With a new album out and a string of successful concerts behind him this spring, Biram is still largely absent from one venue: the FM dial.
Scott H. Biram’s first album in three years, The Bad Testament, offers listeners the variety they’ve come to expect from the Texas-based singer-songwriter.
“On this one, I was doing kind of a throwback to my original Bloodshot release, Dirty One Man Band, which was pretty dirty and gritty, rough sounding. Lo-fi,” he says. “I also put drums and bass on this one. I’ve never done that before, so I was just trying to make it sound a little more thick.”
Whatever genre they land in, Biram’s songs are known for their strong emotional content, whether anger, happiness or sadness. All of those are well-represented on The Bad Testament.
“I always like to keep my songwriting in pretty broad strokes,” he says. “I like people to take their own meanings out of it. I’m not scared to talk about any particular thing in my life.”
Biram is considered one of the leading figures in the contemporary one-man band genre. He’s often as surprised at his success as anyone else, given the rocky road he had at the start.
“I was doing a solo acoustic thing back in the mid-90s. It was pretty nerve-wracking,” he says. “I’d have to drink like four martinis before I went on. I’d fall off my chair and get tangled up in my cables.”
Traveling as a one-man band has also given Biram a chance to communicate directly with his fan base, one of the things he cherishes most about being on tour.
“I don’t generally hide out in the green room and not talk to anybody. I like to watch the music and chat with people,” he says, “before and after the shows. I think people can really appreciate somebody being down to earth and not just hiding out. Plus, if I’m out on the road by myself, the green room is usually pretty boring. It’s usually a room with a chair, a refrigerator and a mirror, and it’s me sitting in the corner, looking at the mirror, saying, ‘What are you doing with your life?’”
The success he’s experienced as a critical and fan favorite has given the songwriter a sense of accomplishment, even if, he says, it’s all a little difficult to believe.

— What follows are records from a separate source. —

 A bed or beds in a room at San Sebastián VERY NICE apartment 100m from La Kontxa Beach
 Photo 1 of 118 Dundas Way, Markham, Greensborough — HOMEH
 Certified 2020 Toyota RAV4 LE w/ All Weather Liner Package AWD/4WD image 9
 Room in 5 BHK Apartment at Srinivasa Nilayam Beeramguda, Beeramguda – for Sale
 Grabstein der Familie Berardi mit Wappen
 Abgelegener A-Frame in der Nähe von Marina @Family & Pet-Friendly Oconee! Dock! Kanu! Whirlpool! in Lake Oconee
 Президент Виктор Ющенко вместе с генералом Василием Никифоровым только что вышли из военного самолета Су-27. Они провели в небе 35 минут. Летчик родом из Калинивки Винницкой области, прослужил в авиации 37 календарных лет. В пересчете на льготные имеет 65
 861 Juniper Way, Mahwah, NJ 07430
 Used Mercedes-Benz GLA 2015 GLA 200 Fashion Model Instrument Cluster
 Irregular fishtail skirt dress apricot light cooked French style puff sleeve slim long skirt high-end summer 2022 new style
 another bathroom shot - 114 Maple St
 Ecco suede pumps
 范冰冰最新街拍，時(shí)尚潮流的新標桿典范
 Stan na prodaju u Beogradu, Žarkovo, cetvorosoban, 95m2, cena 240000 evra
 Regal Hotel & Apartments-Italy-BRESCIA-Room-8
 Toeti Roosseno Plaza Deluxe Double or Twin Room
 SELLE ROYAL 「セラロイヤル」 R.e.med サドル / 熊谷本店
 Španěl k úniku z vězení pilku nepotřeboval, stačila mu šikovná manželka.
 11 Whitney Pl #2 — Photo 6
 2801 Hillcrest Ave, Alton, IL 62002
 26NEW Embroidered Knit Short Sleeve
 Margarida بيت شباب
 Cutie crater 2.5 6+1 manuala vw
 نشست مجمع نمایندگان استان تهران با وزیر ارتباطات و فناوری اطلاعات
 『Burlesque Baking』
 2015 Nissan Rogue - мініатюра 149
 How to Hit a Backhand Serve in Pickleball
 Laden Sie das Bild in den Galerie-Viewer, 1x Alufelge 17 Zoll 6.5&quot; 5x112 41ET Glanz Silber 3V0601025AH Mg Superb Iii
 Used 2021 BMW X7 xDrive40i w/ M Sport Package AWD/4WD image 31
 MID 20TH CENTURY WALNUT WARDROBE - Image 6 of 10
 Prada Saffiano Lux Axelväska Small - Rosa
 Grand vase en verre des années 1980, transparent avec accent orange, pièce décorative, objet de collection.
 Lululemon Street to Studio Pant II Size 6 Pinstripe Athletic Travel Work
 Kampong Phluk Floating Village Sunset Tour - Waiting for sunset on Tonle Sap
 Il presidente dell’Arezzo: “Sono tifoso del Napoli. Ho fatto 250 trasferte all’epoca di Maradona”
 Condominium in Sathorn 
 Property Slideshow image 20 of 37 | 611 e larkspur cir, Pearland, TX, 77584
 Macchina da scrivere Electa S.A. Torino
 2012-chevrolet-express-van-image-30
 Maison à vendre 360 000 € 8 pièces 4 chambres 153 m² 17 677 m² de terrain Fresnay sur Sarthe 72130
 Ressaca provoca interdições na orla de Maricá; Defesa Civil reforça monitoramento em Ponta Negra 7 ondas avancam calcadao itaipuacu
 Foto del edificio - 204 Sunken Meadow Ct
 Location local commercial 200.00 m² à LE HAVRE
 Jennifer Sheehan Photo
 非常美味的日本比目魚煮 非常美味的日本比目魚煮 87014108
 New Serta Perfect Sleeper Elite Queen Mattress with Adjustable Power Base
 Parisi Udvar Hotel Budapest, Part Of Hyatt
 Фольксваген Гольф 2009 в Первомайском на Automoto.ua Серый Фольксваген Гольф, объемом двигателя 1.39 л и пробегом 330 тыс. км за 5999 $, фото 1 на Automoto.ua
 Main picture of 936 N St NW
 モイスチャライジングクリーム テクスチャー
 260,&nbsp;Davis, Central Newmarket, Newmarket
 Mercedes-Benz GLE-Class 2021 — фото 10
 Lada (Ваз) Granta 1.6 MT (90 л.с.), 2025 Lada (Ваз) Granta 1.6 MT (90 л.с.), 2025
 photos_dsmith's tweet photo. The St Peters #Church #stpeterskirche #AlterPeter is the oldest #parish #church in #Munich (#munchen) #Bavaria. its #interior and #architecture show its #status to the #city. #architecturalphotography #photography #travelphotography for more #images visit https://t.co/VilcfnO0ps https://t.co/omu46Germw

“There are times where it dawns on me occasionally that I’m walking around behind some curtains backstage before I go on and I say, ‘Wow, this is like when I was a little kid in the school play behind the curtains.’ I never really thought in my life that that’s where I’d end up, walking behind the curtains backstage for a living,” he says.
For all the traveling that Biram has done both in the United States and abroad, there’s one territory he hasn’t been able to break into as widely as he’d like: radio.
“I don’t get as much radio play as some people I know, and I think that’s probably because I screw myself over by putting 'the F word' at the end of every song, pretty much,” he says. “Sometimes I’ve got to play live on the radio, or in front of a bunch of kids, and I kind of have to censor it. I come up with some pretty interesting ways of censoring words. Then, when the label wants me to go back and do a censored version of the song where I either beep out I come up with some pretty good stuff. Instead, I’ll [do heavy breathing], I put a gunshot in the middle of a song not too long ago to cover up something.”
Scott H. Biram performs at The Elbow Room Sunday, May 7. His new album, The Bad Testament, is out now.